On that single command, the rest of the beings left through the walls of the room, but I didn’t trust they were truly gone. The emptiness was a reprieve, though. If not from my own mind, at least the judgment of others. The knowledge that I’d come before them as a fool and they’d all known it when I hadn’t.
“Sometimes the most painful stories are the truthful ones. Gossip can be full of lies and twisted tales, but those that shock us the most are the ones of fact. You’ve come here to ask a different question, haven’t you?”
“No,” I lied, holding back every ounce of emotion I could muster. But I needed to know. If not for her, then for myself. “Yes.”
She simply stared at me with blank eyes, uninterested in my feelings.
“Can I become a witch again?”
She shook her head, something that could have been regret filling her face. “For years, I tried. Confident there would be a way. But there is no path that moves backward in this life or the next.”
“Then I am stuck here, like this… forever?” I could hardly manage the words as I begged her for a different answer than I knew she’d have.
“I wouldn’t think so. You are a wish. A wish fulfilled should be all that is needed for you to leave this plane behind and go on to the next.”
“But we tried.” Another tear fell and I raged inside at the betrayal of my own emotions. “I answered the question that brought me here and nothing happened.”
She lowered her head as well as her ethereal voice. “Then I am afraid that is your answer.”
“That’s no answer at all,” I whispered as I turned to leave the room, devastated beyond measure.

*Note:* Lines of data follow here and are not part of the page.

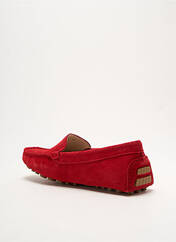 Mocassins rouge VACHON pour homme seconde vue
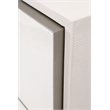 Wynn Shagreen 3-Drawer Nightstand - Pearl Shagreen Resin and Stainless Steel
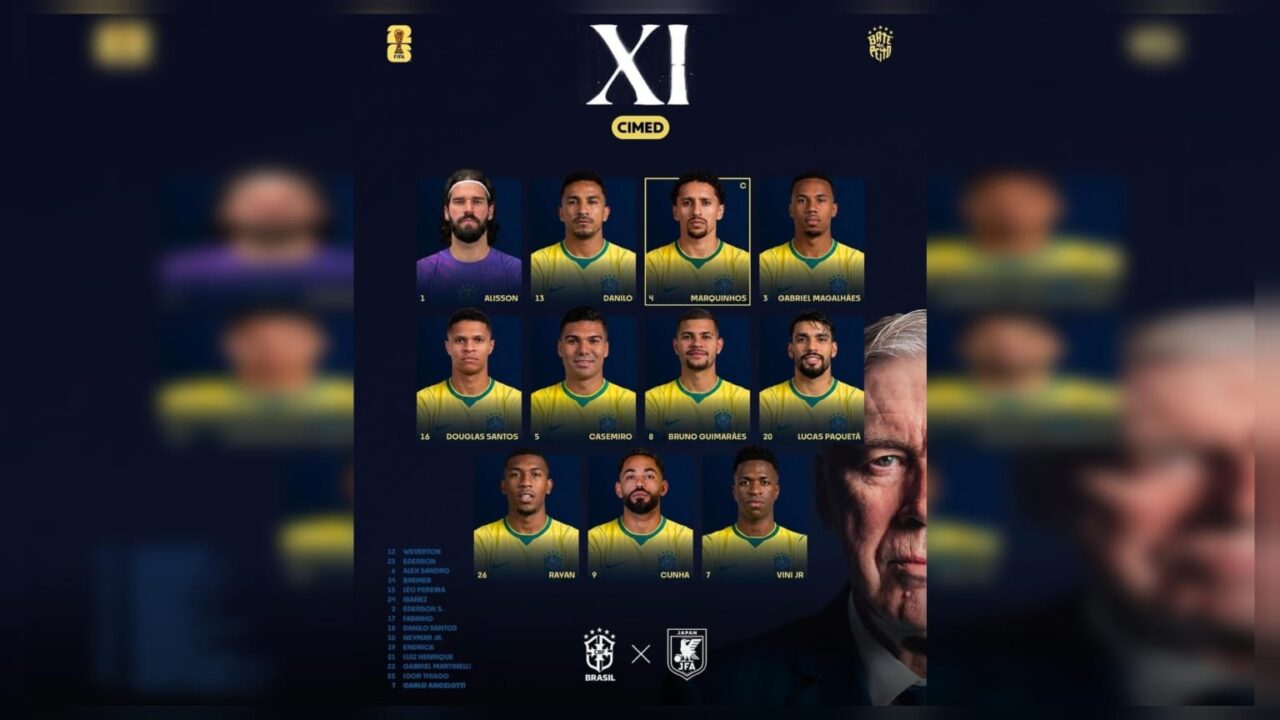 Ini Starting XI Brasil untuk Hadapi Jepang di Babak 32 Besar Piala Dunia 2026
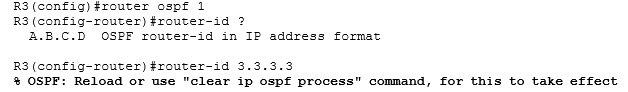 Changing The OSPF RID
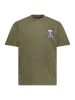 STHUGE Kurzarm T-Shirt in dunkel khaki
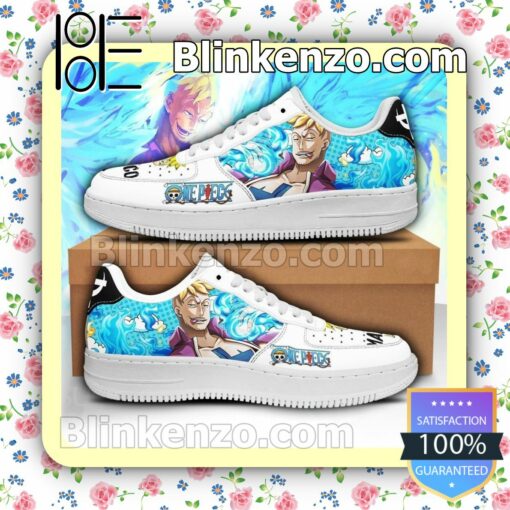 Marco One Piece Anime Nike Air Force Sneakers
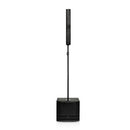 Sistema PA dBTechnologies ES802 de columna instalado sobre subwoofer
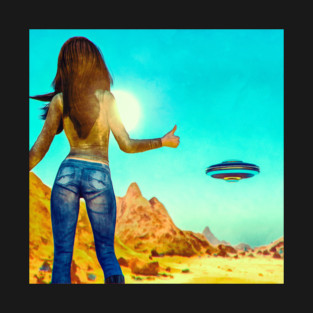 UFO Hitchhiker T-Shirt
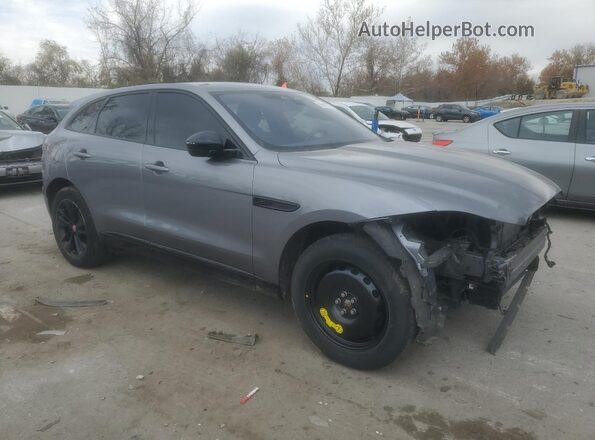 SADCJ2EX1MA687845 2021 JAGUAR F-PACE Серый Передняя правая четверть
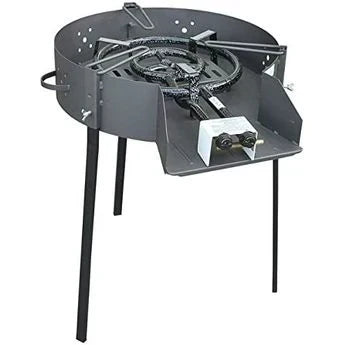 Flores Cortes - Grill okrągły na drewno i węgiel z podstawą 600 mm.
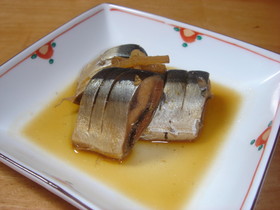 さんまの梅干し煮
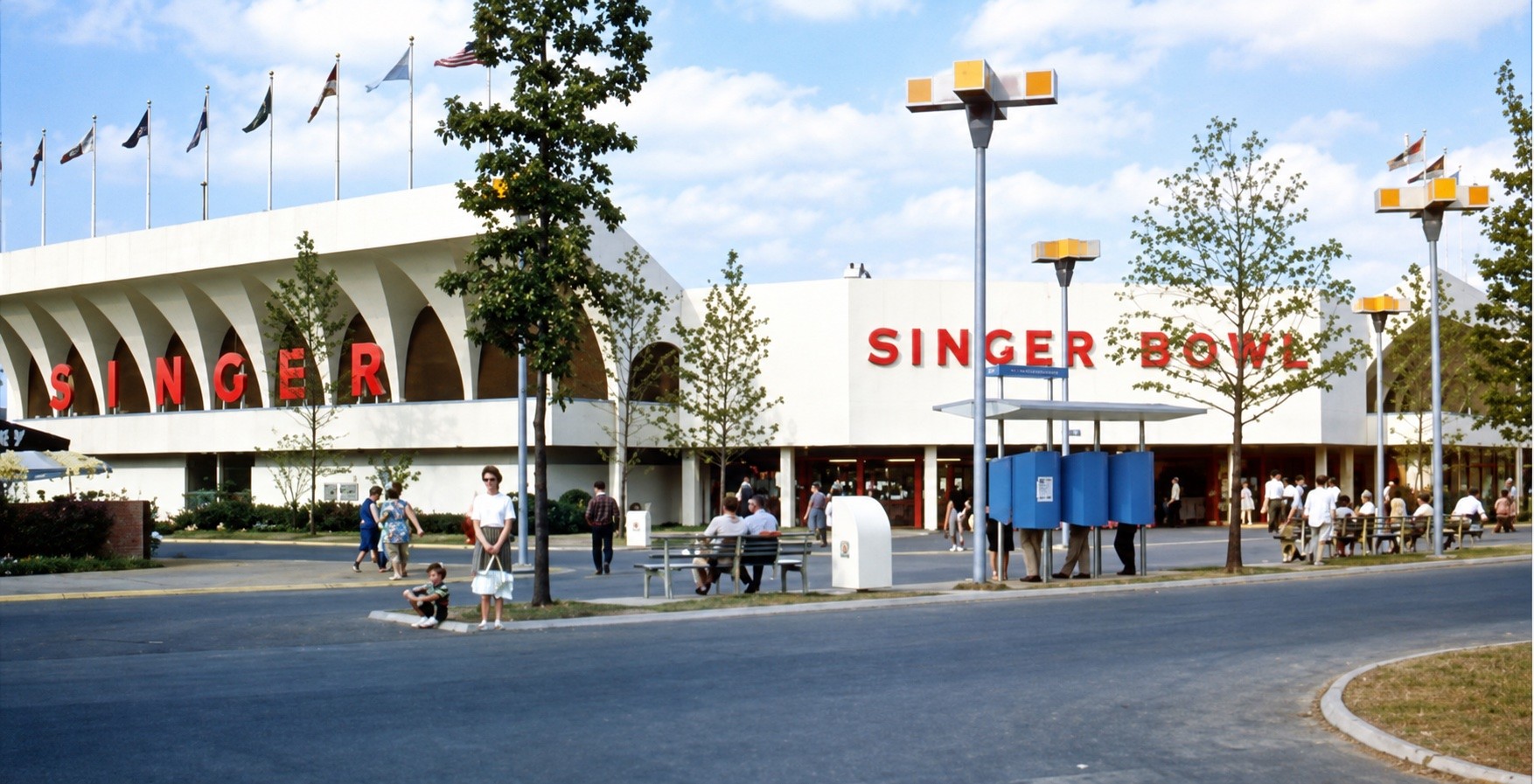 Singer Bowl at the 1964/1965 New York World’s Fair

“One more thing,” the being said to me as I pushed the door open and glanced at Raven who’d been standing there waiting. “The Moss Coven leader is pacing outside of your little store.”
Her final words were simply a match to the pyre.

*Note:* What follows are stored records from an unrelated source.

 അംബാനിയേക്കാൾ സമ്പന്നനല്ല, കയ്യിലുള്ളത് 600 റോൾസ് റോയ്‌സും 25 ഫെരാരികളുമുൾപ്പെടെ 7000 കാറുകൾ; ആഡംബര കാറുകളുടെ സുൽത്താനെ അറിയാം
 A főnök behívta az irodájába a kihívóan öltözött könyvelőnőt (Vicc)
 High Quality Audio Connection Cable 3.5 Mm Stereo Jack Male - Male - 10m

The race back to the entrance was winding, dark, and filled with more emotion than either of us wanted to process. Running, Raven looked over her shoulder to me several times before mustering the courage to pry.
“Everything okay?”
“Yes,” I lied. “It seems my killer will never be discovered. You?”
“All great. We got the answers we needed. They used Bastian’s mother’s blood. That’s likely why they killed her.”
“And you? Areyouokay?”
“Never better,” she lied, facing forward to follow our leading ghost back out of the tunnel.
It seemed we both needed time to process the truths we’d learned. She was destined to die. Soon. And I was destined to stay here for eternity, alone.